__EXTRACTED MATERIAL__.
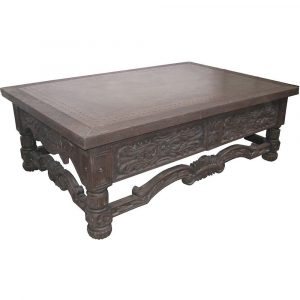 Ornate Rustic Wood Coffee Table Belle Escape inside proportions 1000 X 1000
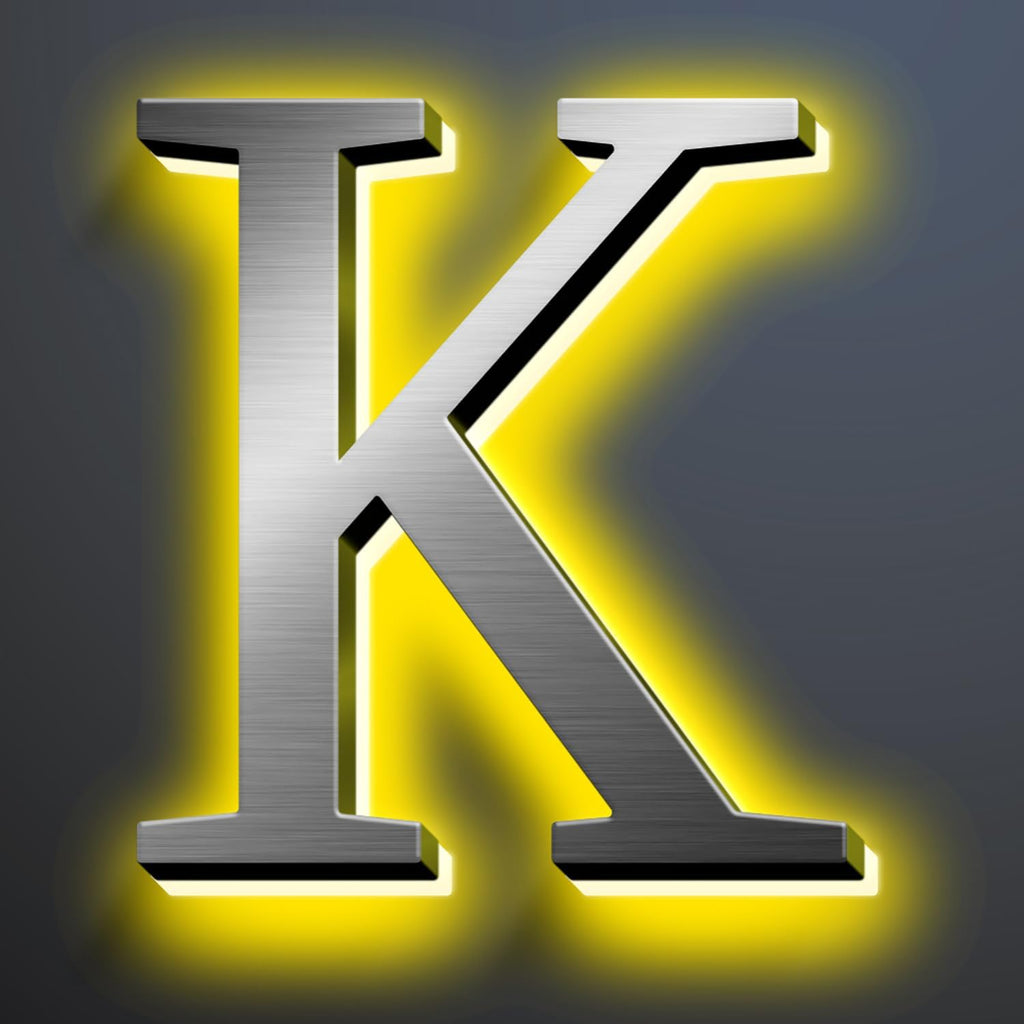 Illuminated LED House Numbers 20', Modern Upscale Look, Backlit LED Illuminated Home Address Number, Stainless Steel Hand-Polished For Lighted House Address Signs,K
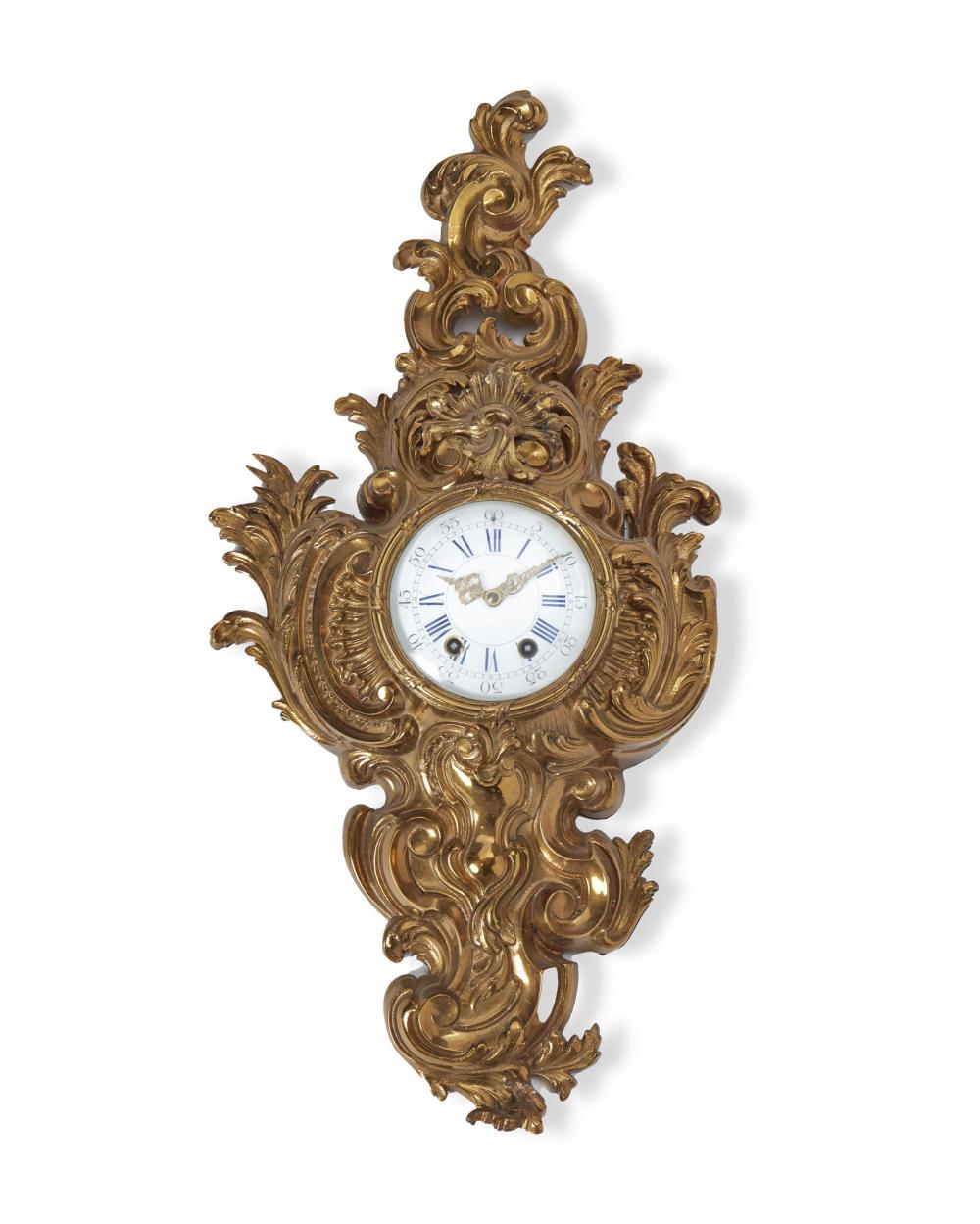 Appraisal: A French Louis XV-style cartel wall clock Second Half th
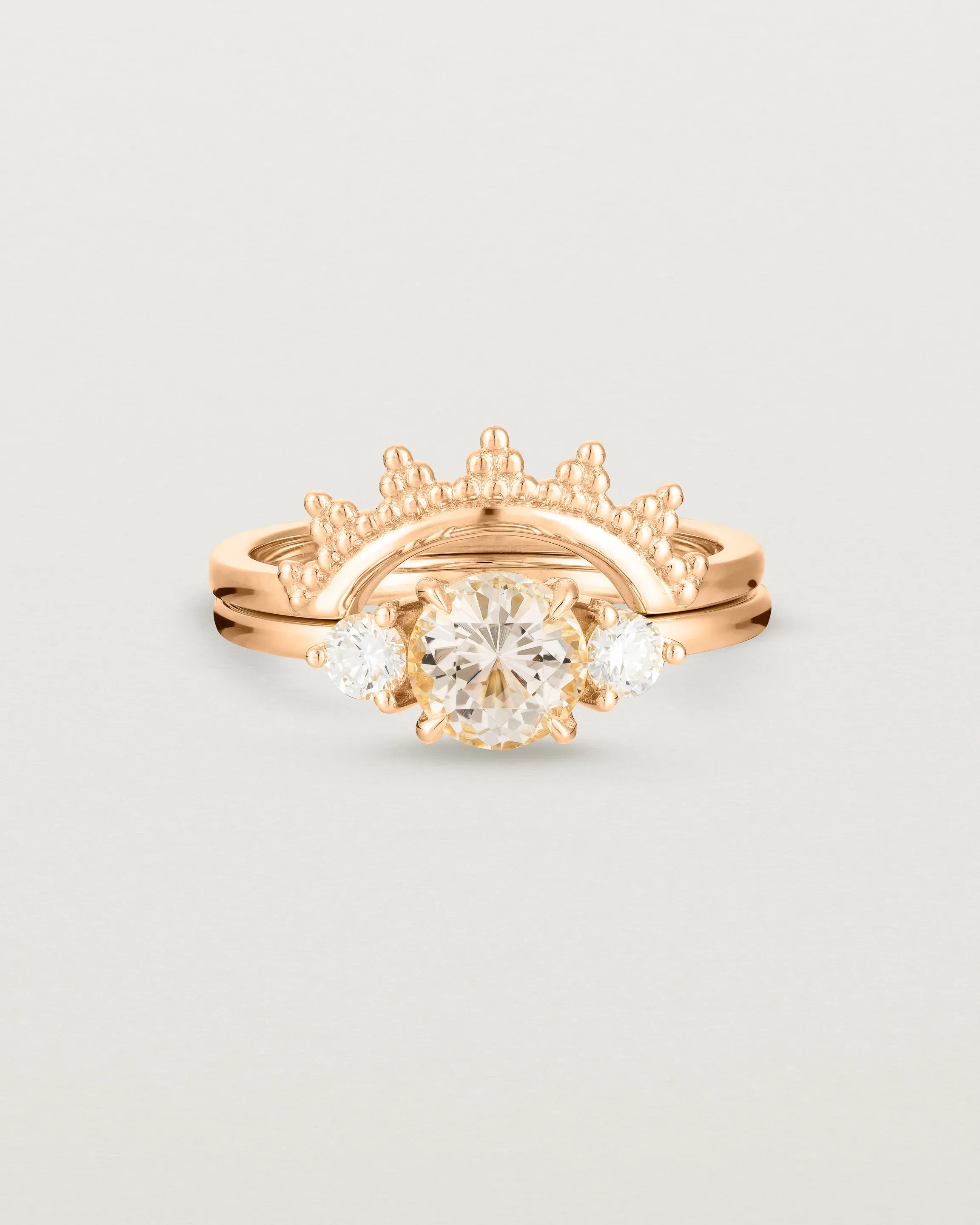 Petite Una Round Trio Ring | Morganite & Diamonds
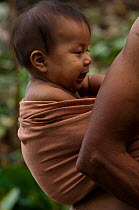 Huaorani baby in a sling. Gabaro Community. Yasuni National Park, Ecuador, June 2007.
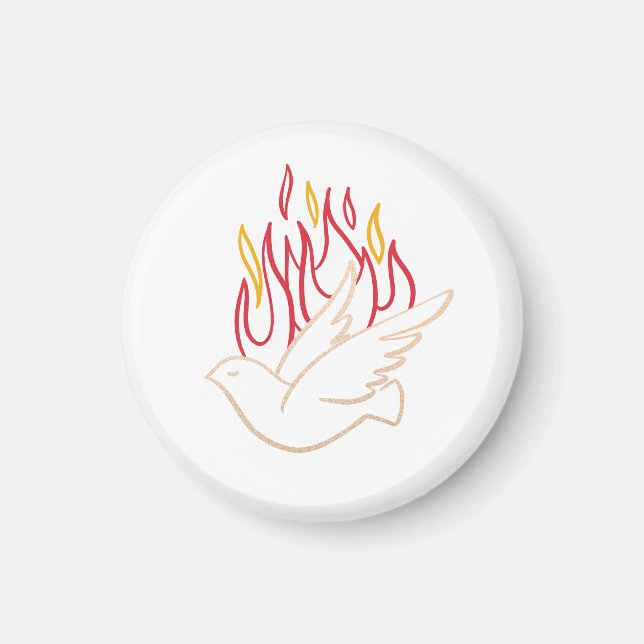 Holy Spirit -  Dove and Flames Illustration  Magnet (Front)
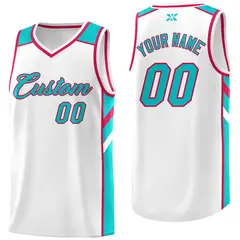 White Aqua-Red Classic Mesh Sport Basketball Jersey 1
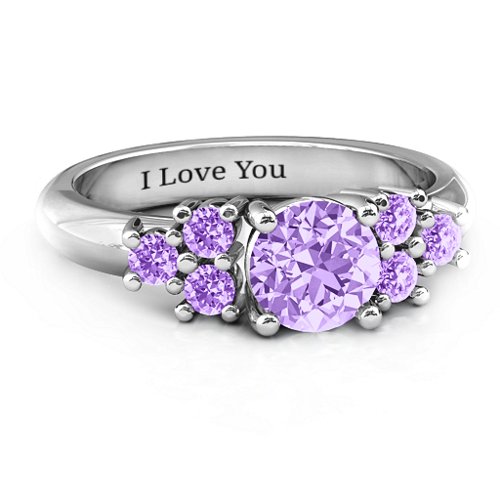 Flourish Engagement Ring – Sterling Silver with Amethyst Premium Zirconia and Amethyst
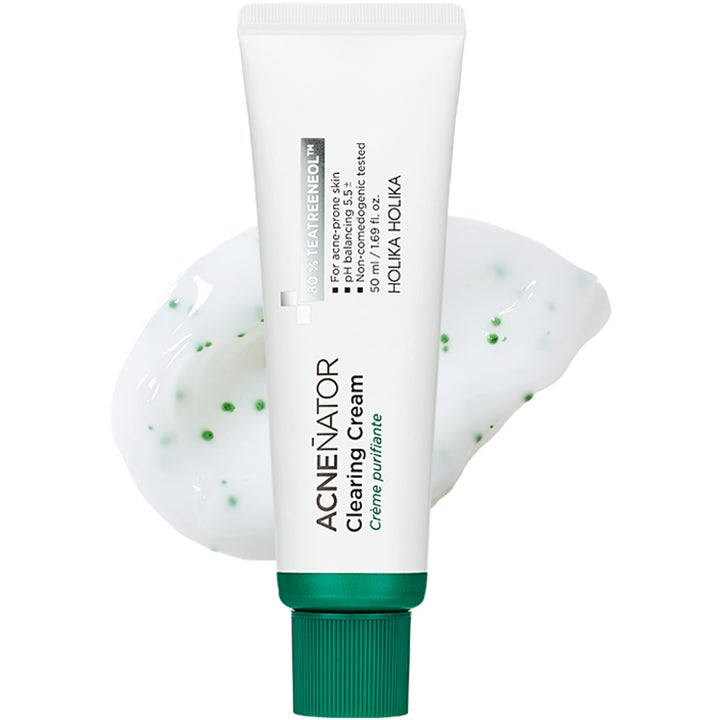 Holika Holika ACNEÑATOR Clearing Cream 50 ml mot kviser i hvit tube med grønn kork og hvit gelkrem med grønne kuler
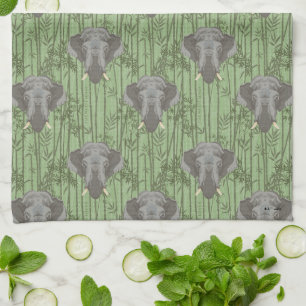 The White Lotus Majestic Elephants Pattern Tea Towel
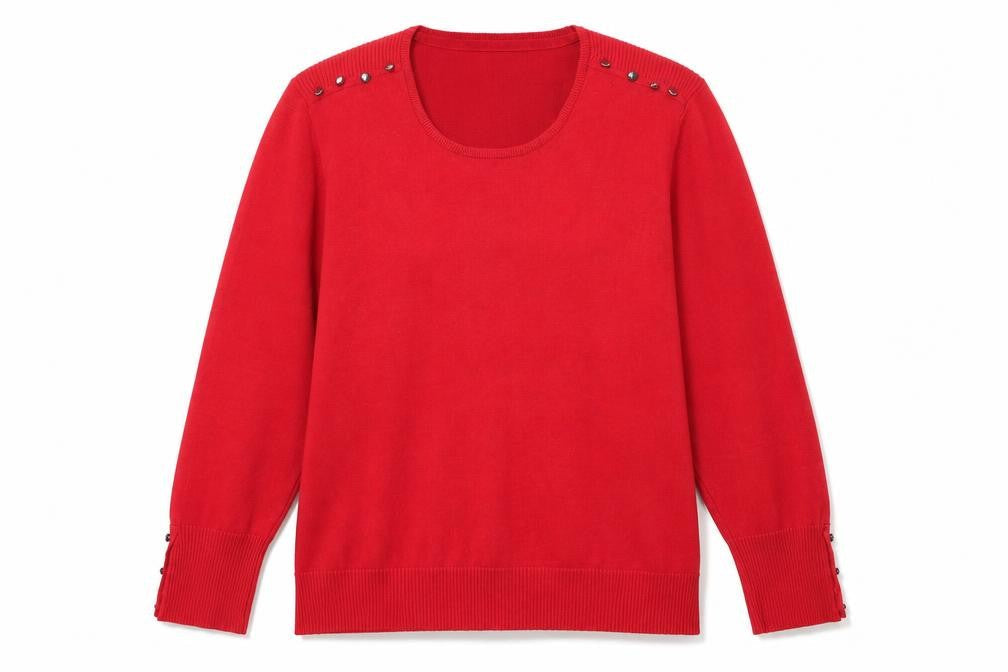 Micha Womens Red Round Neck Viscose Pullover Jumper Size 2XL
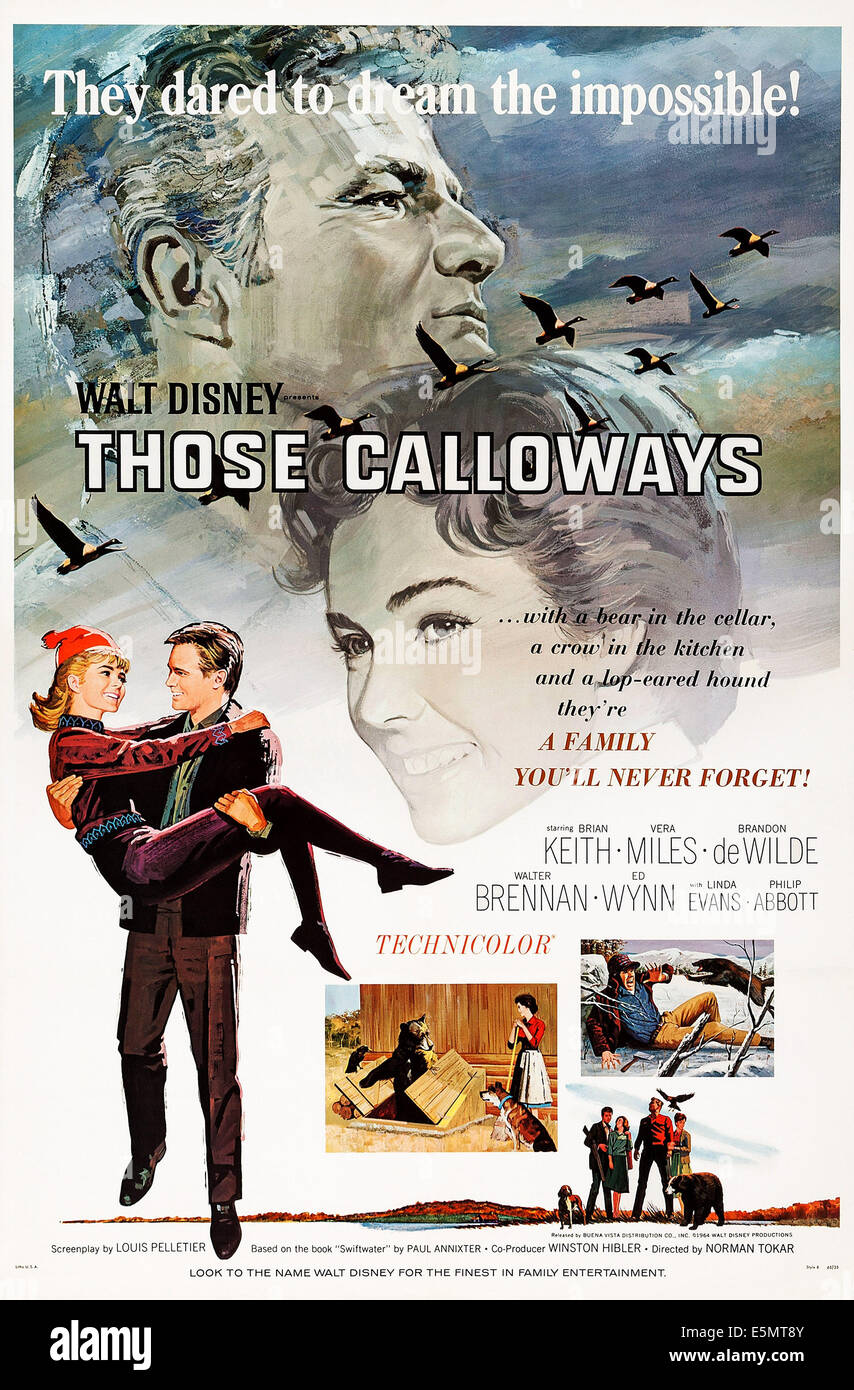 THOSE CALLOWAYS, US poster, top from left: Brian Keith, Vera Miles, bottom from left: Linda Evans, Brandon De Wilde, 1965 Stock Photo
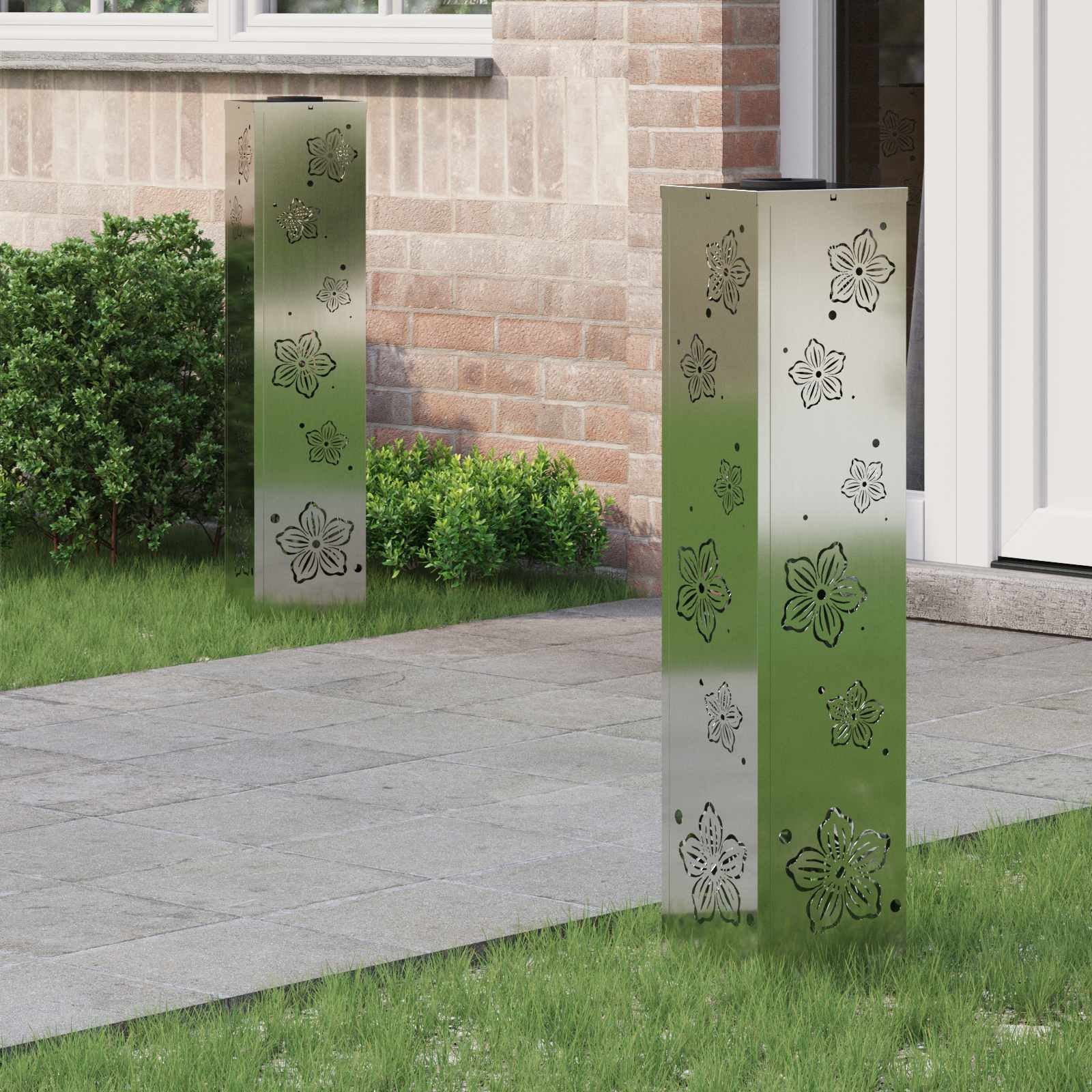 Solarna LED svjetlost za stazu 2 pcs Srebrno Cinkani čelik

__WHAT IS EXPECTED__. Every entry above needs to be copied exactly, apart from its pictures.

__OUTPUT OF THE EXERCISE__.
 Ornate Rustic Wood Coffee Table Belle Escape inside proportions 1000 X 1000
 Illuminated LED House Numbers 20', Modern Upscale Look, Backlit LED Illuminated Home Address Number, Stainless Steel Hand-Polished For Lighted House Address Signs,K
 Appraisal: A French Louis XV-style cartel wall clock Second Half th
 Petite Una Round Trio Ring | Morganite & Diamonds
 Huaorani baby in a sling. Gabaro Community. Yasuni National Park, Ecuador, June 2007.
 Holy Spirit -  Dove and Flames Illustration  Magnet (Front)
 White Aqua-Red Classic Mesh Sport Basketball Jersey 1
 Flourish Engagement Ring – Sterling Silver with Amethyst Premium Zirconia and Amethyst
 Holika Holika ACNEÑATOR Clearing Cream 50 ml mot kviser i hvit tube med grønn kork og hvit gelkrem med grønne kuler
 The White Lotus Majestic Elephants Pattern Tea Towel
 Micha Womens Red Round Neck Viscose Pullover Jumper Size 2XL
 THOSE CALLOWAYS, US poster, top from left: Brian Keith, Vera Miles, bottom from left: Linda Evans, Brandon De Wilde, 1965 Stock Photo
 Solarna LED svjetlost za stazu 2 pcs Srebrno Cinkani čelik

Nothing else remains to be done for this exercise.